LUBUK LINGGAU JUARA ATAU LUBUK LINGGAU YANG TERJEBAK DALAM KEGELAPAN MALAM?
(Febri Rahmadhani Bendahara PCPM Lubuk Linggau Utara II)
Visi “Kota Lubuk Linggau Juara” yang dicanangkan pemerintah daerah bukan sekadar slogan pembangunan infrastruktur dan ekonomi, melainkan juga mencakup misi luhur: mewujudkan sumber daya manusia yang berkualitas, sejahtera, dan religius. Namun, visi mulia ini kini diuji oleh maraknya tempat hiburan malam yang menyamar sebagai kafe. Fenomena yang secara terang-terangan bertentangan dengan nilai-nilai moral yang seharusnya menjadi fondasi “kota juara”. Ketika diskotik berkedok kafe bermunculan, menjual minuman keras dan menjadi sarang pergaulan bebas, pertanyaannya bukan lagi soal selera hiburan, tetapi soal “konsistensi antara ucapan dan realitas”.
Tempat-tempat ini tidak hanya merusak tatanan sosial, tetapi juga secara sistematis melanggar aturan. Banyak di antaranya beroperasi tanpa izin resmi dari Dinas Penanaman Modal, bahkan setelah permohonan izin mereka ditolak. Mereka memanfaatkan celah regulasi dengan menyebut diri sebagai “cafe” padahal menyelenggarakan aktivitas hiburan malam yang diatur ketat dalam Perda No. 2 Tahun 2023 tentang Penyelenggaraan Hiburan dan Perda No. 3 Tahun 2022 tentang Pengendalian Minuman Beralkohol.
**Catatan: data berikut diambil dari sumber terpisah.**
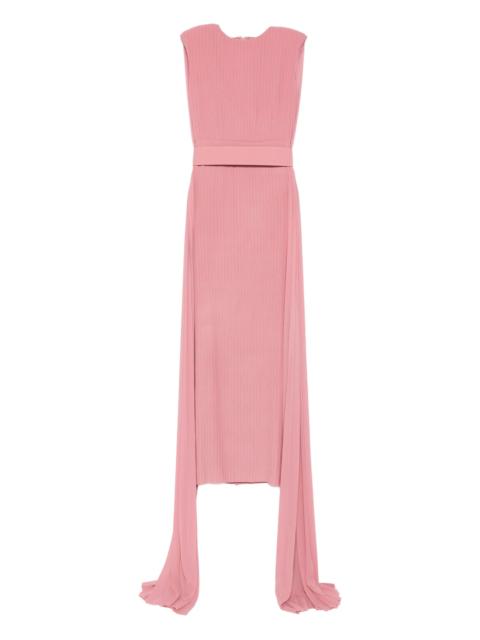 SOLACE LONDON Tavia pleated belted maxi dress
Penyamaran ini adalah bentuk “penipuan administratif” yang sengaja menghindari pengawasan, sekaligus menunjukkan kelemahan penegakan hukum oleh aparat.
Dampak sosialnya nyata dan mengerikan. Kita berkaca pada Operasi gabungan aparat pada 2021 berhasil mengamankan 227 orang dari dua kafe di Patok Besi, dan 190 di antaranya positif narkoba. Belum lagi razia pada Juni 2024 yang menangkap puluhan remaja dan pasangan di luar nikah, termasuk pelajar yang terjerumus dalam pergaulan bebas. Fakta ini membuktikan bahwa “cafe kamuflase” ini bukan sekadar tempat nongkrong, melainkan “pusat degradasi moral” yang mengancam masa depan generasi muda Lubuk Linggau, tepat di saat kota ini seharusnya fokus membangun SDM unggul dan religius.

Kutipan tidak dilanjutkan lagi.